If you’re running this query over a billion records and grouping by device ID, you might have something like this:

cr> SELECT
   device_id,
   max(value),
   avg(value),
   min(value)
FROM
   measures
GROUP BY
   device_id
ORDER BY
   1 DESC;

+-----------+------------+-------------------+------------+
| device_id | max(value) |        avg(value) | min(value) |
+-----------+------------+-------------------+------------+
|         4 |      10000 | 5003.748816285036 |          0 |
|         3 |      10000 | 5005.297395430482 |          0 |
|         2 |      10000 | 5002.940588080021 |          0 |
|         1 |      10000 | 5002.216030711031 |          0 |
+-----------+------------+-------------------+------------+

By default, CrateDB processes all matching records. This may require a lot of processing power, depending on the data set and the size of the CrateDB cluster.

Some databases can limit the amount of records that are processed for GROUP BY operations (also known as down-sampling) to improve performance at the cost of less accurate results.

This exploits the fact that if your data set has a normal distribution, it is likely that the average over the whole data set is not much different from the average over a subset of the data.

Aggregating 100,000 records instead of 10 or 100 million records can make a huge difference in query response times.

For some analytics use-cases, this is an acceptable trade-off.

CrateDB users can emulate this down-sampling behaviour with a combination of LIMITs and sub-selects.
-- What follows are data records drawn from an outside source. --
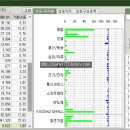 신한아그로 이미지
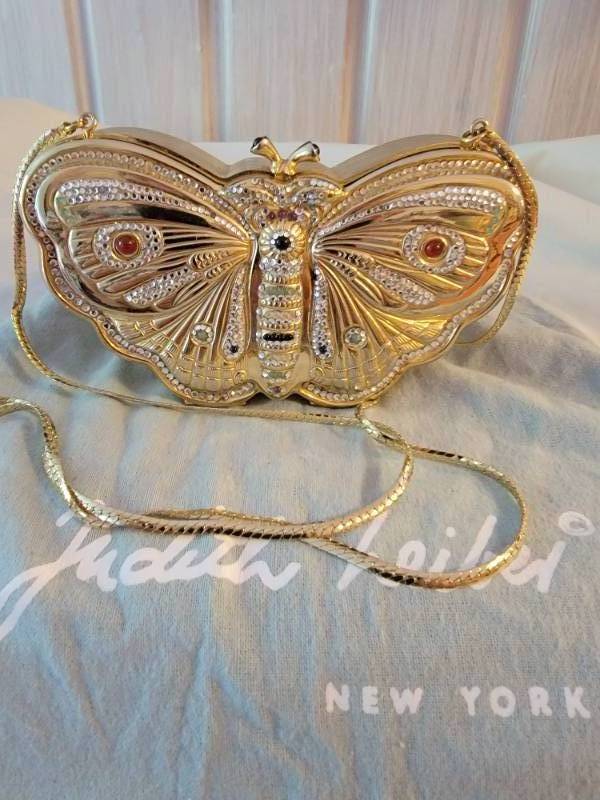 St. Paul Jewelry Extravaganza and Eclectic Décor KBID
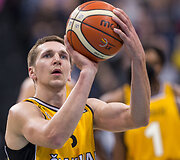 Evaldas &Scaron;aulys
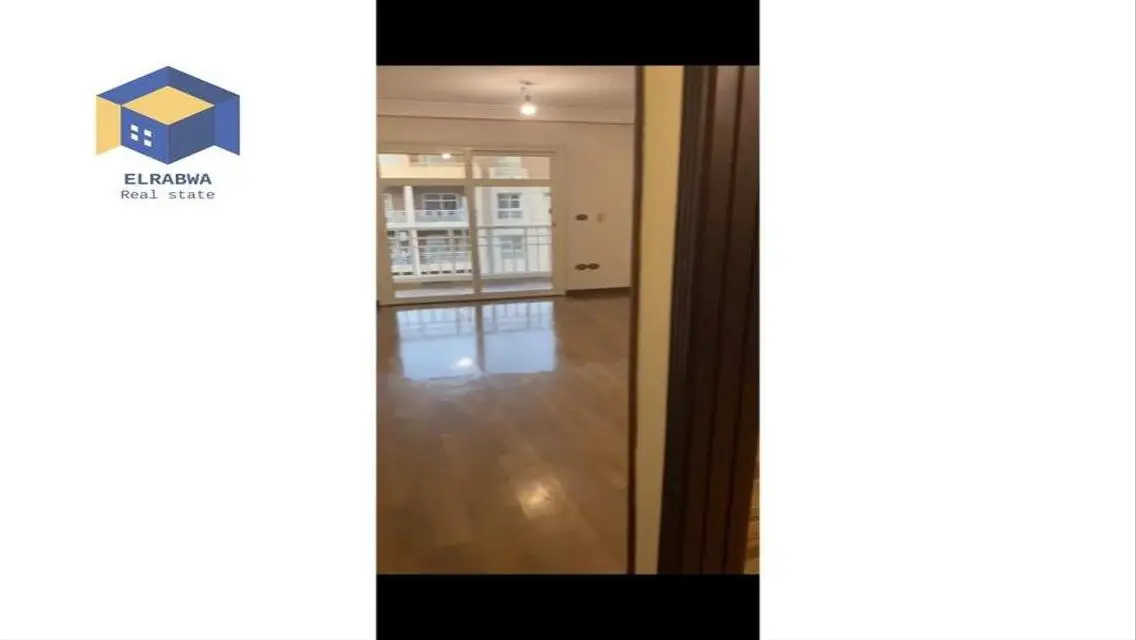 Luxury Apartment 81-B7 for Sale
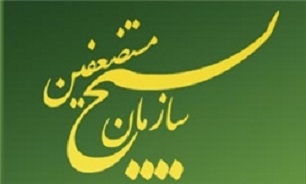 ملت بزرگ ایران همواره تهدیدات دشمنان را به فرصت تبدیل کرده است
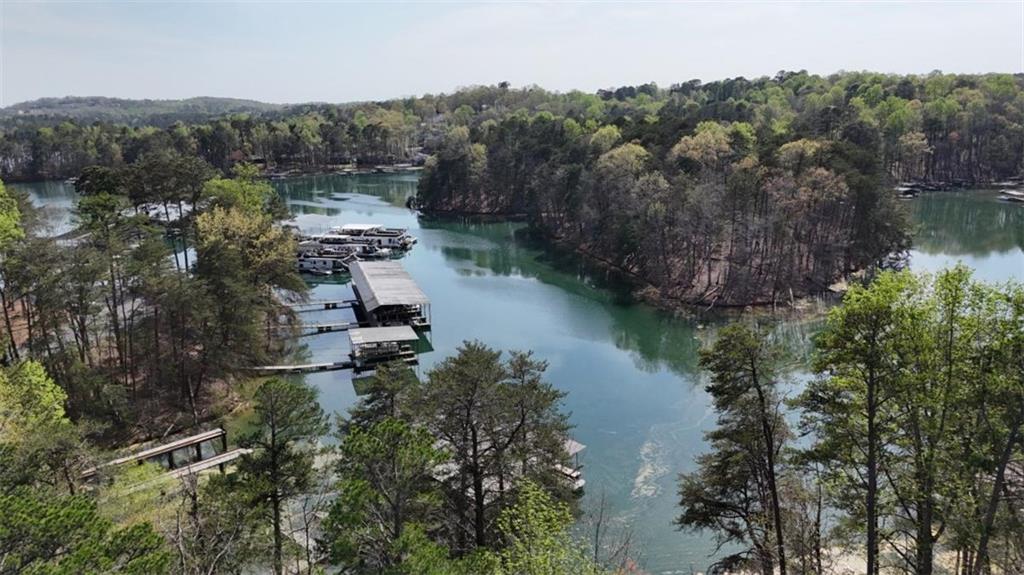 2020 Driftwood Circle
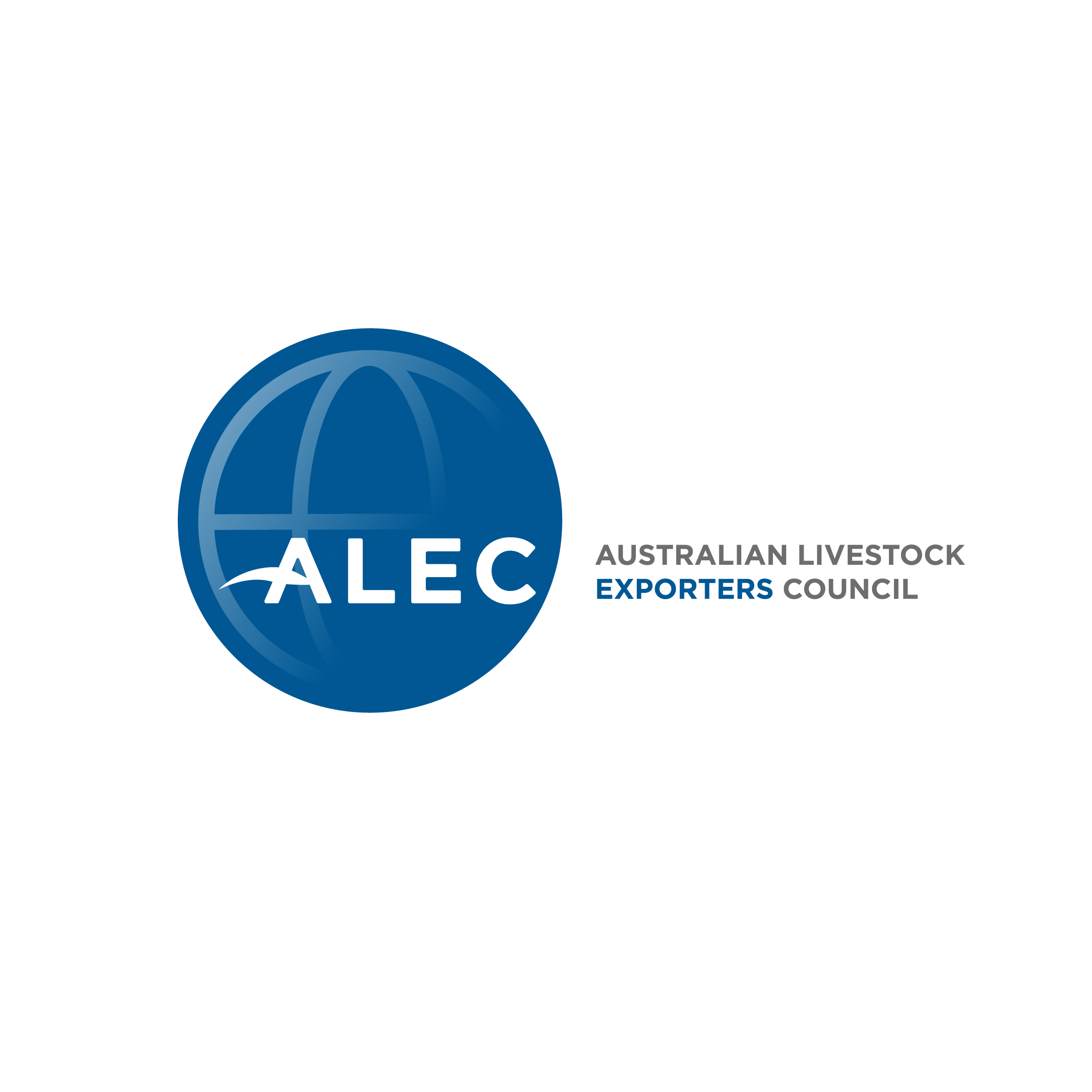 Nominations open for 2026 Livestock Export Young Achiever of the Year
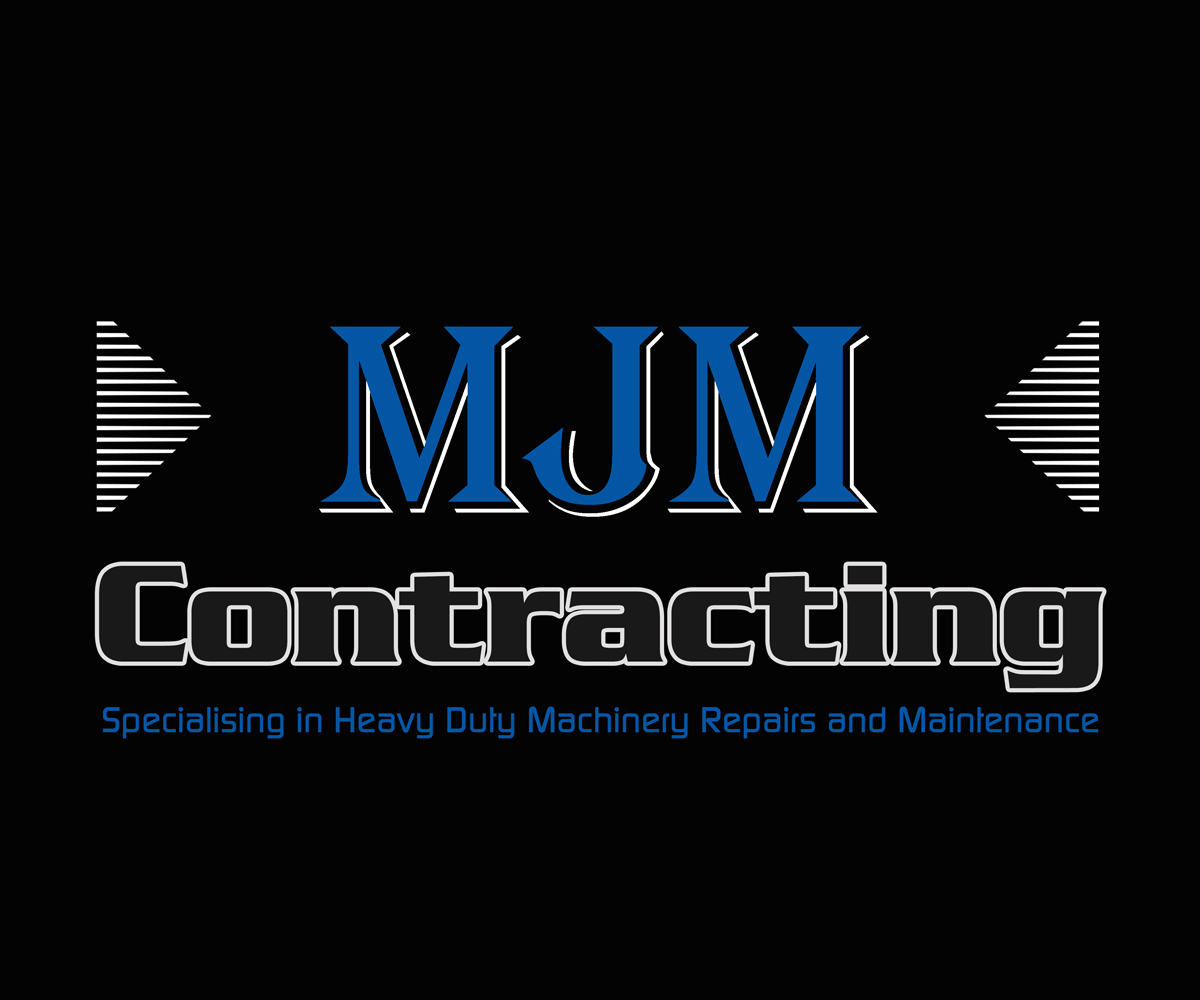 Diseño de Logo por RKDesign29 para este proyecto | Diseño #6225526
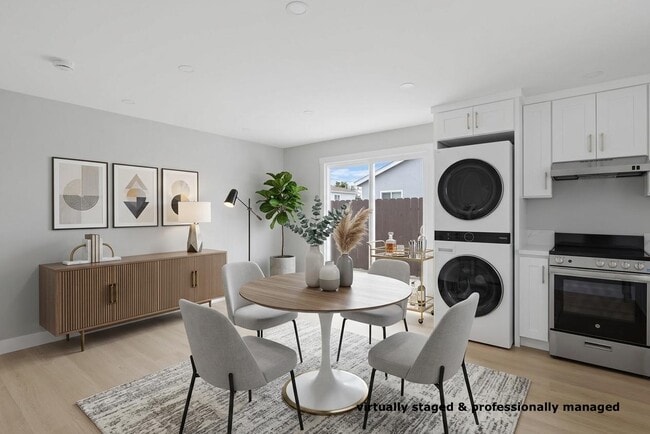 14549 Kittery St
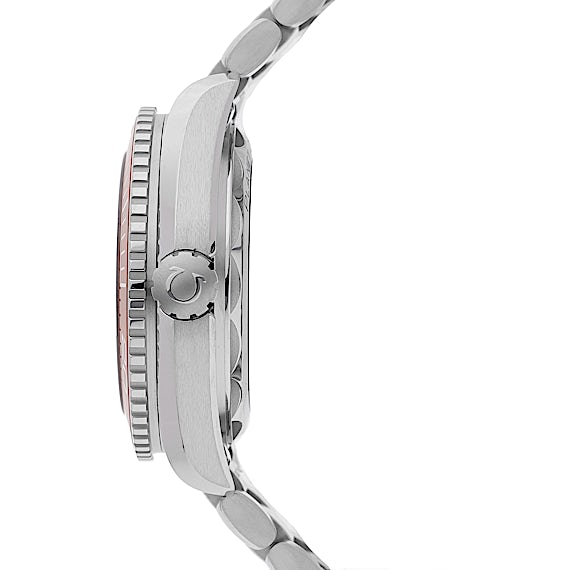 Omega Seamaster 215.30.44.21.04.001 Omega Seamaster 215.30.44.21.04.001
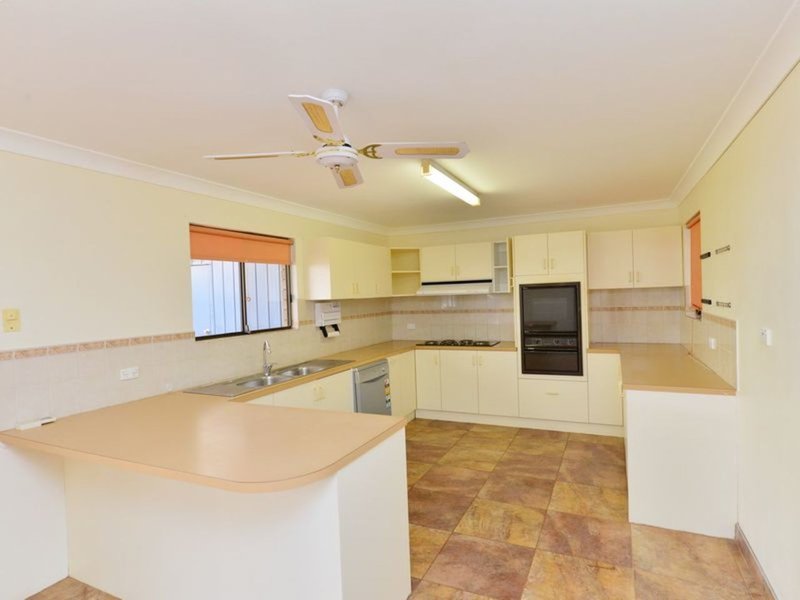 Photo - 83 Dixon Road, Braitling NT 0870 - Image 2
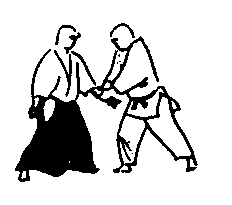 katateryotedori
However, doing so involves costly data merges in the query execution plan that reduce the parallelization (and thus performance) of a distributed query.

A better way to emulate down-sampling is to filter on the _docid system column using a modulo (%) operation, like this:

cr> SELECT
   device_id,
   max(value),
   avg(value),
   min(value)
FROM
   measures
WHERE
   _docid % 10 = 0
GROUP BY
   device_id
ORDER BY
   1 DESC;

+-----------+------------+--------------------+------------+
| device_id | max(value) |         avg(value) | min(value) |
+-----------+------------+--------------------+------------+
|         4 |      10000 | 5013.052623224065  |          1 |
|         3 |      10000 | 4999.1253575025175 |          0 |
|         2 |      10000 | 5001.400379047543  |          0 |
|         1 |      10000 | 5035.220951927276  |          0 |
+-----------+------------+--------------------+------------+

You’ll notice that the result has changed slightly, but is still fairly close to the original result.

Tip

The % 10 in this example was arbitrary and roughly translates to: “only consider every 10th row.”

The higher the number, the fewer records will match the query and the less accurate the result will be. Larger numbers trade accuracy for performance.

Note

The _docid system column exposes the internal document ID each document has within a Lucene segment. The IDs are unique within a segment but not across segments or shards. This is good enough for a modulo sampling operation.

Furthermore, the internal ID is basically available for free and doesn’t have to be read from the file system. This makes it an ideal candidate for modulo based sampling.